The worker receives this in binary-encoded protobuffer format on stdin. The WorkerKey is derived from the mnemonic and the shared flags, so if this configuration allowed changing the max_mem parameter, a separate worker would be spawned for each value used. This can lead to excessive memory consumption if too many variations are used.

Each worker can currently only process one request at a time. The experimental multiplex workers feature allows using multiple threads, if the underlying tool is multithreaded and the wrapper is set up to understand this.

In this GitHub repo, you can see example worker wrappers written in Java as well as in Python.

How do workers affect sandboxing?

Using the worker strategy by default does not run the action in a sandbox, similar to the local strategy. You can set the --worker_sandboxing flag to run all workers inside sandboxes, making sure each execution of the tool only sees the input files it’s supposed to have. The tool may still leak information between requests internally, for instance through a cache. Using the experimental dynamic strategy requires workers to be sandboxed.
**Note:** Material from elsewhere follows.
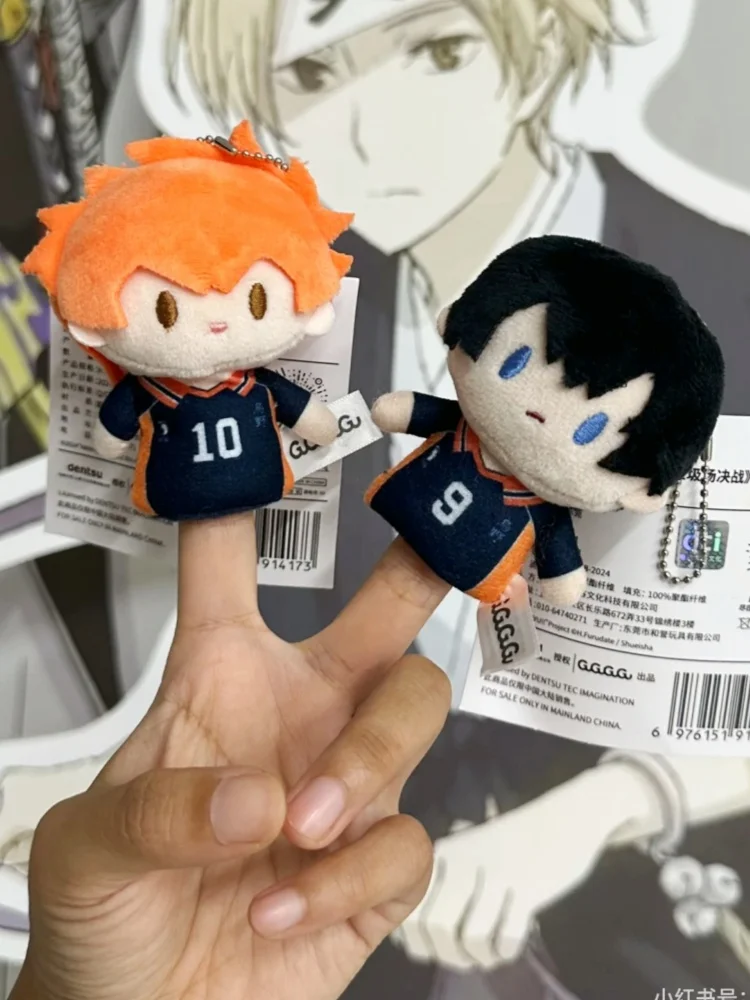 Haikyuu!! Caja ciega de marionetas de dedo de Anime genuino Hinata Shoyo Tobio Kageyama llavero colgante de felpa adorno decoración perímetro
To allow correct use of compiler caches with workers, a digest is passed along with each input file. Thus the compiler or the wrapper can check if the input is still valid without having to read the file.

Even when using the input digests to guard against unwanted caching, sandboxed workers offer less strict sandboxing than a pure sandbox, because the tool may keep other internal state that has been affected by previous requests.